Mahmut Ağa küplerden birinin içinden bir avuç altın aldı ve hizmetkârına dönerek “Ağzını sıkı tut. Kimseyle bu konuyu konuşma. Ben, sultana haber vermek için Bursa’ya gidiyorum” dedi (O yıllarda Osmanlı Devleti’nin başkenti Bursa’dır) ve yola çıktı.
Bursa’ya gelir gelmez sultanın huzuruna çağrıldı. Altınları gösterdi ve yaşadıklarını anlattı. Sultanın emriyle bir grup asker ve vezirle birlikte Bergama’ya geri döndüler. Vezir, sultanın ödül olarak bir küp altın vaat ettiğini söyledi ama Mahmut Ağa’nın altında gözü yoktu. Sadece boşaltılan üç küpten, üzeri desenli olanın ve birkaç tane altının hatıra olarak kendisinde kalmasını istedi. Hemen verdiler...
O küp hâlâ yerinde mi?
Ama, Sultan Murat Hüdavendigâr bu, sadakati mükâfatsız bırakır mı?
Bırakmamış elbette.
Hatip Mahmut Ağaya ‘paşa’ unvanı vermiş ve gözünün alabildiğince genişlikteki bir araziyi Hatip Mahmut Paşa’ya vererek onu tımar sahibi yapmış.
Bir masal gibi...
Ama değil...
Tarihsel ve kültürel anlamda Bergama’ya büyük emekler veren Osman Bayatlı’nın kayıtlarından öğrendiğimize göre, Hatip Mahmut Paşa’ya ait Osmanlı arşivlerindeki vakfiye belgeleri, bu masal gibi hikâyenin aslında gerçek olduğunun en önemli kanıtıdır.
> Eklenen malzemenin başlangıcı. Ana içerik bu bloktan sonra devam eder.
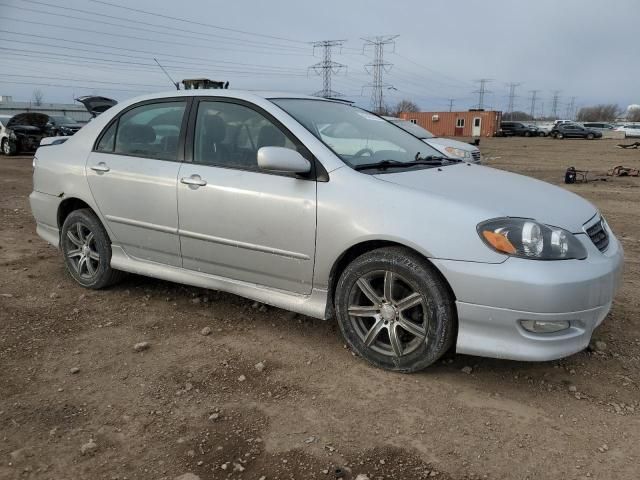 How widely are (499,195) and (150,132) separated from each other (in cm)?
257

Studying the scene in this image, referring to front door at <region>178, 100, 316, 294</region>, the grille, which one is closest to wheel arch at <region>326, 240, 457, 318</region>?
front door at <region>178, 100, 316, 294</region>

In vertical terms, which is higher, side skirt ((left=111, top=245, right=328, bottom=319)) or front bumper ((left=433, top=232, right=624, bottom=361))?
front bumper ((left=433, top=232, right=624, bottom=361))

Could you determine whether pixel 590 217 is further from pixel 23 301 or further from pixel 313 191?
pixel 23 301

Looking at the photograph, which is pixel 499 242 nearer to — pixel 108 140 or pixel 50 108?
pixel 108 140

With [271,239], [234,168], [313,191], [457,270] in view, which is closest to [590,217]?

Hatip Mahmut Paşa, bu olaydan sonra Bergama’da bir hamam inşa etmiş ve kendisinde kalan küpü de hamama koymuş. Osmanlı’nın neredeyse tamamını ve tüm Cumhuriyet dönemini gören o hamam, Bergama’da hâlâ ‘Küplü Hamam’ adıyla hizmet vermeye devam ediyor.
Peki, Hatip Mahmut Paşa’ya verilen ve onun da inşa ettiği hamama koyduğu o küp hâlâ yerinde mi?
Hayır...
II. Mahmut’tan hediye
1780’li yıllarda Fransa’nın İstanbul Konsolosu olan Choiseul Goffier’nin 1830’lu yıllarda da arkeolog ve gezgin Charles Texier’nin küpü elde etmek için teklif ettiği büyük paralara rağmen Hatip Mahmut Paşa’nın torunları bu ata yadigârını satmamıştı.
Ancak Sultan II. Mahmut’un buyruğu reddedilemezdi. Küp, onun emriyle Paşaoğulları ailesinin tüm isteksizliğine rağmen Fransa Kralı Louis Philippe’e hediye edildi.
Bu toprakların bir zenginliği daha yine bir padişah fermanıyla, sahiplerinin gözyaşları içinde memleket dışına götürülmüştü. Peki, şimdi o küp nerede?
Fransa’ya yolunuz düşerse Murat Hüdavendigâr tarafından Hatip Mahmut Paşa’ya hediye edilen o küpü Paris’te L’ouvre Müzesi’nde görebilirsiniz.
Altınlarla birlikte sultana götürülen diğer iki küpü görmek daha kolay. İstanbul’da Ayasofya Müzesi’ni ziyaret etmeniz yeterli.